Sin embargo, a pesar de ese trabajo previo, su relación con el intérprete ha sido estupenda, tanto durante el rodaje como después. “Es muy buena persona, muy generoso y muy divertido. Para mí es un ícono y fue importante que me lo pusiera todo tan fácil. Él me decía: ‘Si yo estoy tan nervioso como tú’, y yo pensaba ‘ya te digo yo que no’”, bromeó. “He aprendido mucho de él porque es una persona que, cuando la tienes delante, pasan cosas, está muy abierto, es muy libre a la hora de interpretar, se da permiso a equivocarse, de ir más allá. Aun así, sostenerle la mirada es fuerte”.

El ser querido está repleta de reflexiones en torno al propio cine. Una de ellas la pronuncia Esteban Martínez, el director de la película dentro de la película, y tiene que ver con el proyecto que está realizando, como si el propio Rodrigo Sorogoyen e Isabel Peña estuvieran hablando a través de él cuando señala que, hasta que no te apartas un poco, no sabes de verdad de qué va la película que has hecho.

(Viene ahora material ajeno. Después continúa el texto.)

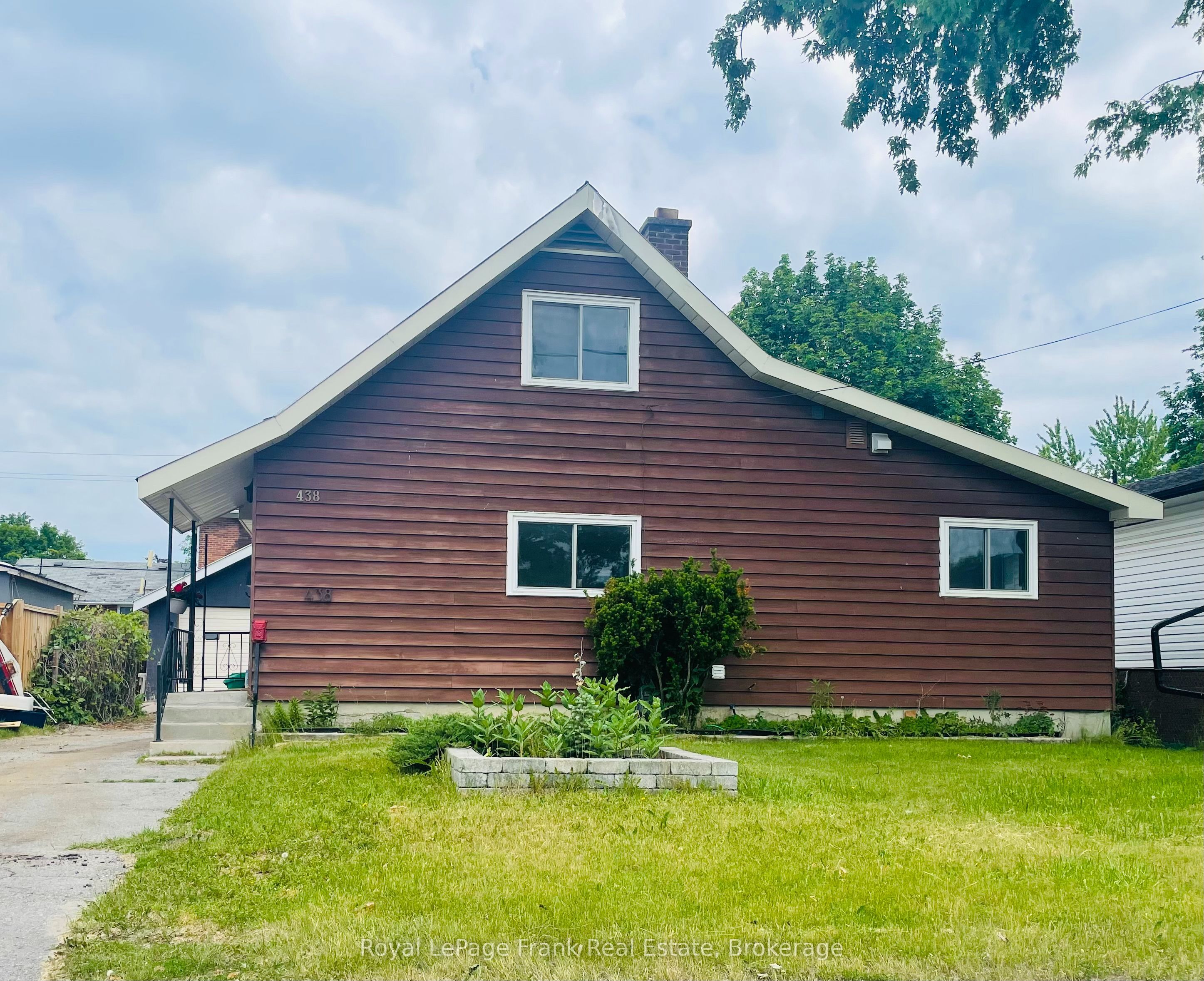 438 Rose Avenue, Peterborough, ON K9J 4E4 photo 2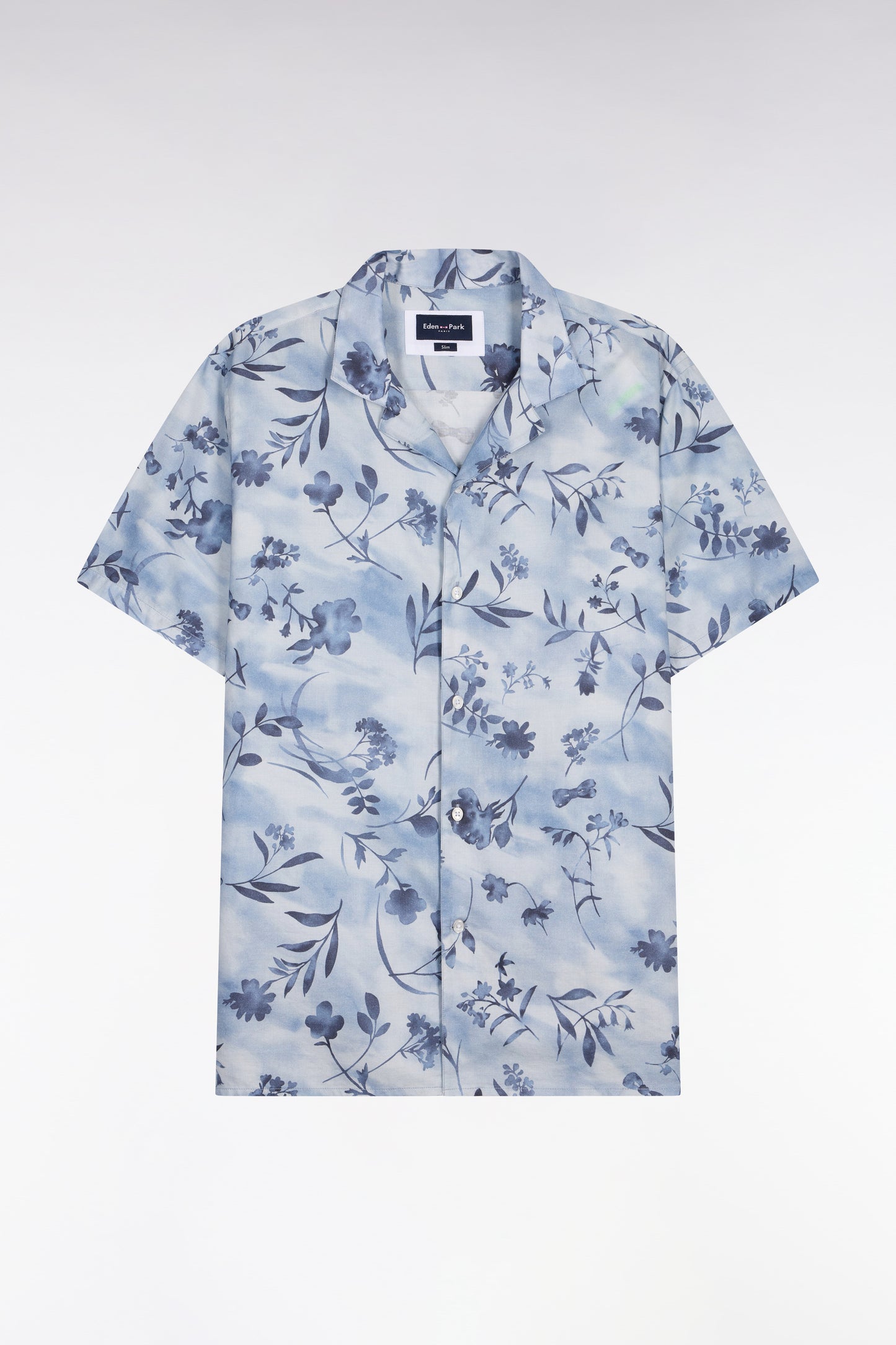 Short-sleeved shirt in sky floral printed lyocell and cotton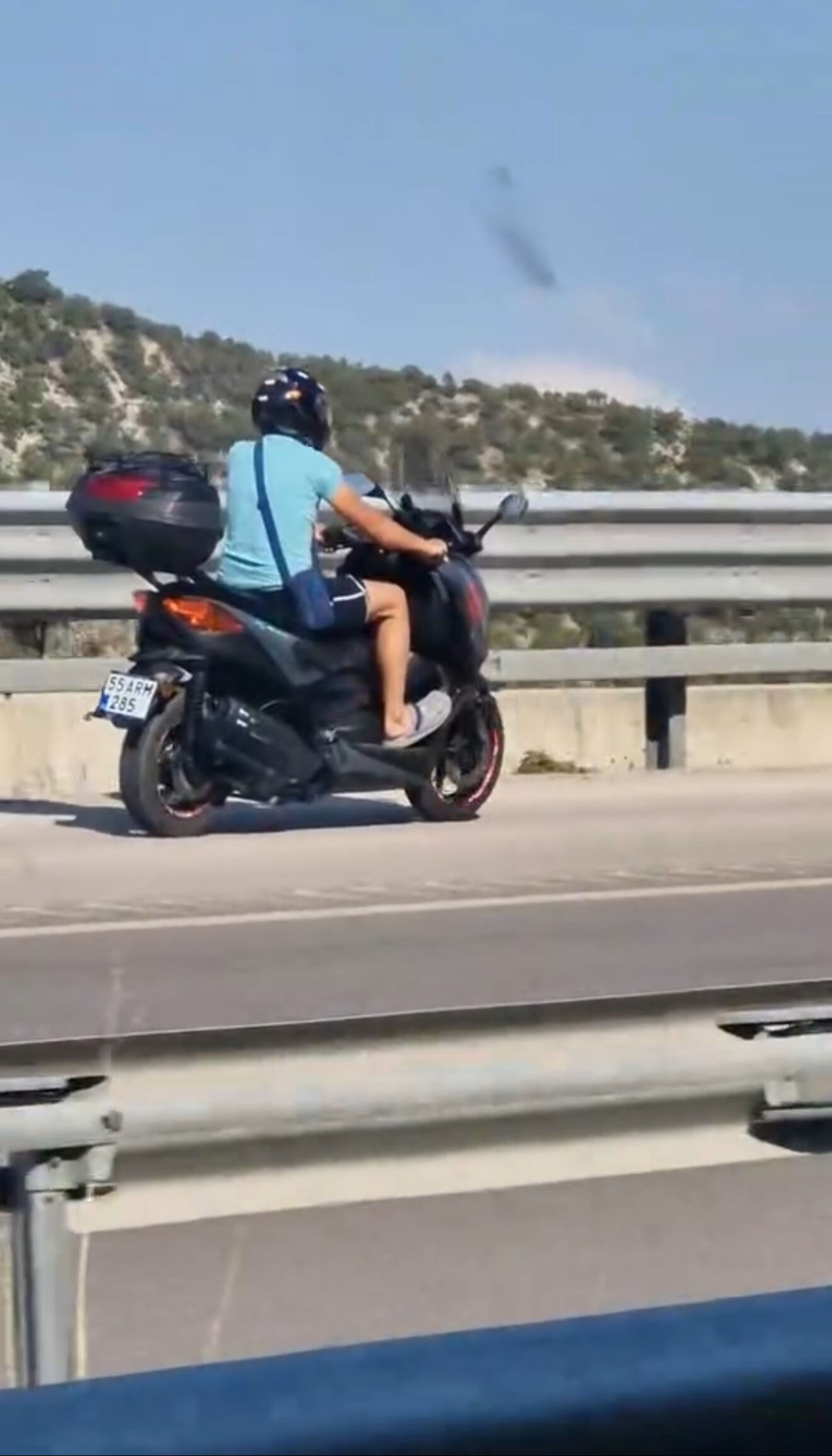 Ölümü böyle çağırdı! Kilometrelerce ters şeritte ilerledi Ölümü böyle çağırdı! Kilometrelerce ters şeritte ilerledi - 2. Resim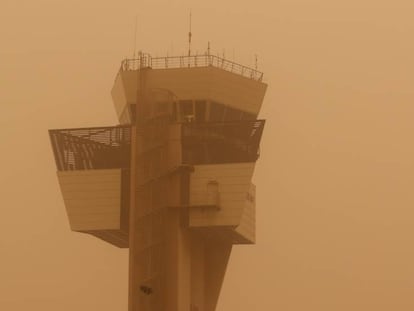 Torre de control del aeropuerto de Las Palmas. En vídeo, 150 efectivos han trabajado durante toda la noche para controlar el incendio en Tasarte.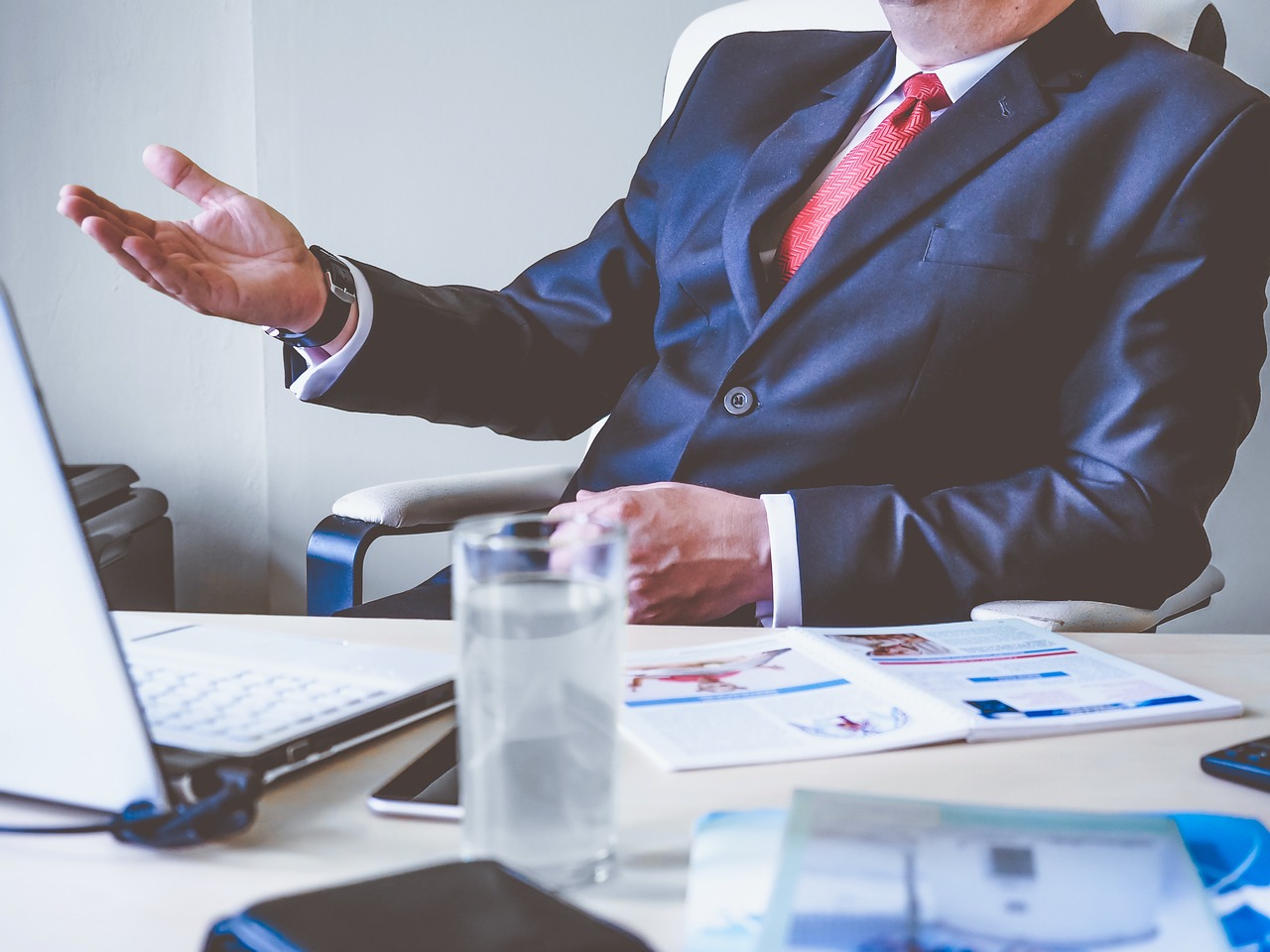 متى تنكسر ثقة الموظف بالمدير؟ (بيكسابي)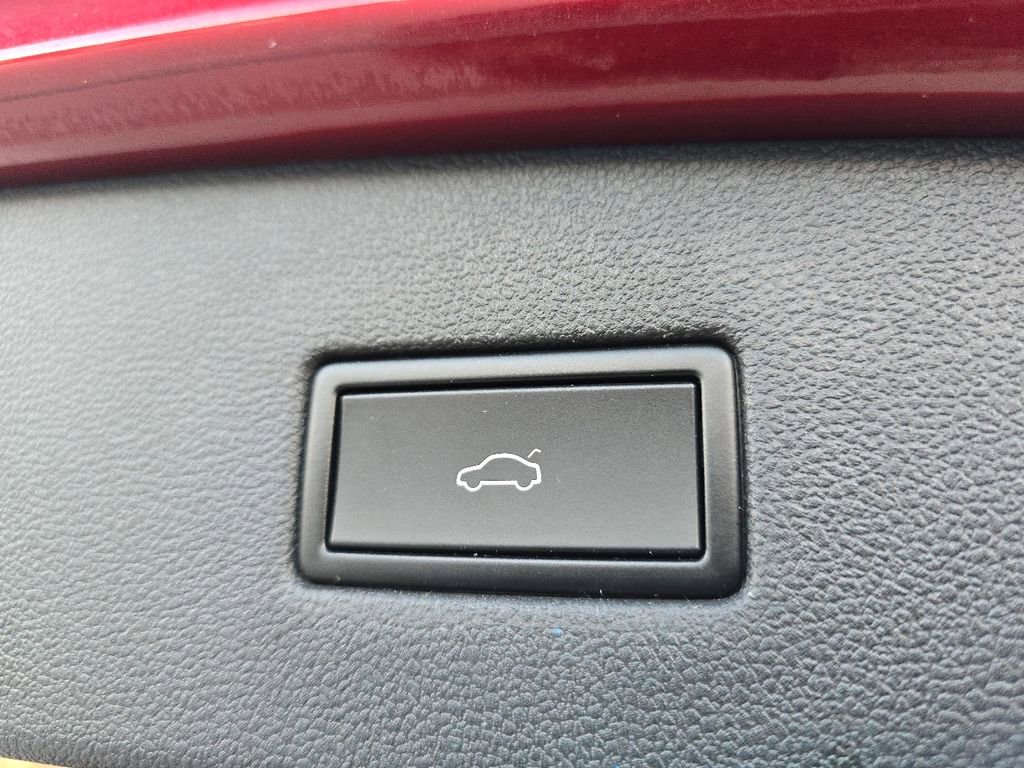 Used 2019 Volkswagen Tiguan SEL image 23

“Mucha gente me dice que tiene que ver con la masculinidad tóxica y creo que es un tema muy subsidiario. Al principio, para mí era una película que giraba en torno a los relatos, sobre la manera en que cómo relatarnos las cosas cambia la realidad que vivimos. Porque nuestros recuerdos son diferentes dependiendo de nuestras propias vivencias. Entonces, para mí era muy potente pensar en cómo ese padre y esa hija tenían versiones diferentes sobre la realidad, y la conclusión que trataba de sacar es lo difícil que resulta mantener un vínculo con alguien con el que no compartes un relato. Sin embargo, cuando la veo ahora, creo que la película va sobre el abandono. Pero lo bueno que tiene es que se puede ver desde muchos lugares y que a cada uno le puede tocar de una manera diferente”, concluyó.